Два Ландау

Два Ландау

В своей превосходной статье о Ландау Евгений Михайлович Лифшиц пишет, что в молодости Дау был застенчив, и это причиняло ему много страданий, но с годами благодаря столь характерной для него самодисциплине и чувству долга перед самим собой сумел «воспитать себя и превратить в человека с редкой способностью — умением быть счастливым» [6, с. 430].

Каким же путем он достиг этого? Я решусь высказать утверждение, которое может показаться чрезмерным: он создал себе образ, маску и вжился в нее так, что она стала для него естественной. К сожалению, эта маска не была пассивной, она управляла его поступками, его высказываниями. По-моему, она-то и диктовала ему резкость поведения, иногда вызывавшую недоумение (это и есть та дополнительная психологическая причина несдержанности Ландау в высказываниях, о которой я говорил выше).

Но бывало, что Ландау снимал эту маску, и обнаруживалась другая личность, другой Дау — мягкий, чувствительный. Таким я наблюдал его неоднократно. Но это никогда не происходило «на людях» — лишь в присутствии одного-двух человек, которые были связаны с ним чем-либо кроме физики, или просто близки ему. Сказанное означает, что я не считаю просто красивой фразой слова Е. М. Лифшица: «За его внешней резкостью скрывалась научная беспристрастность, большое человеческое сердце и человеческая доброта» [6, с. 434] (впрочем, я бы заменил слово «беспристрастность» словом «честность» — пристрастность в нем была, но я не считаю это отрицательным свойством). Это означает далее, что я понимаю и принимаю слова Петра Леонидовича Капицы: «Тем, кто знал Ландау близко, было известно, что за этой резкостью в суждениях, по существу, скрывался очень добрый и отзывчивый человек, всегда готовый прийти на помощь незаслуженно обиженному» [7, с. 389].

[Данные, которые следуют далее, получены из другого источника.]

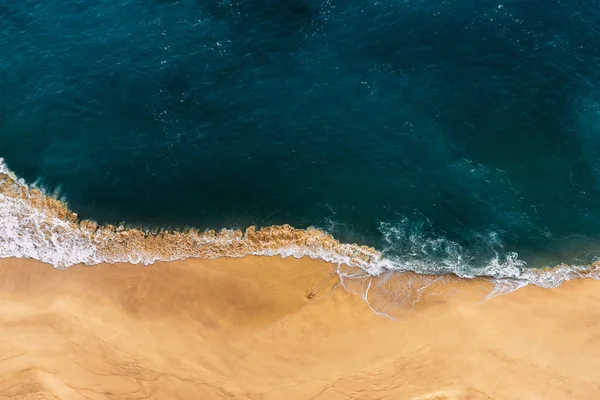 Μοναχική Θέα Στην Παραλία Από Ψηλά Αμμώδης Παραλία Γαλάζια Θάλασσα — Φωτογραφία Αρχείου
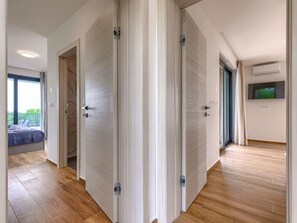 3 bedrooms, iron/ironing board, WiFi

Но маска и здесь играла свою роль, принося вред самим этим качествам. Собственно говоря, вызов, задиристость, прикрывающие застенчивость, не такое уж необычное явление (особенно у подростков и вообще молодых людей). У Дау они были (сознательно?) доведены до последовательной цельности. Резкость, насмешливость, даже разухабистость, мальчишеское поведение были необходимыми элементами образа, в который он вошел и который прежде всего был виден тем, с кем он контактировал, особенно в более молодые годы. Хотя и в меньшей мере, но они сохранились у него до конца.

Другим он был, расслабившись в момент усталости или говоря о чем-либо лично для него серьезном, или рассуждая, например, о стихах (но не тогда, когда он читал их на каком-либо иностранном языке, чтобы произвести впечатление, по-мальчишески покрасоваться, щегольнуть памятью и знанием языка!), слушая стихи.

В конце 40-х-начале 50-х годов я нередко читал ему ходившие в списках стихи Мандельштама, Пастернака и др., и он старательно записывал понравившиеся ему, например, пастернаковского «Гамлета». Помню, с какой тихой серьезностью и сосредоточенностью он переписывал из моей школьной тетрадки (она и сейчас лежит передо мной) продиктованное мне кем-то пронзительное длинное стихотворение 1940 г. Ольги Бергольц (примерно в то же время и столько же времени, как Дау, проведшей в заключении): 

Нет, не из книжек наших скудных,

Подобья нищенской сумы,

Узнаете о том, как трудно,

Как невозможно жили мы.

Как мы любили горько, грубо,

Как обманулись мы любя,

Как на допросах, стиснув зубы,

Мы отрекались от себя.

...................

О, дни позора и печали!

О, неужели даже мы

Людской тоски не исчерпали

В беззвездных топях (или «копях?» — Е. Ф.)

          Колымы!

С концовкой: 

Но если скрюченный от боли

Вы этот стих найдете вдруг,

Как от костра в пустынном поле

Обугленный и мертвый круг,

Но если нашего страданья

Дойдет до вас холодный дым…

Ну, что ж, почтите нас вставаньем, 

Как мы, встречая вас, молчим.

Вот в таких случаях это был другой Ландау.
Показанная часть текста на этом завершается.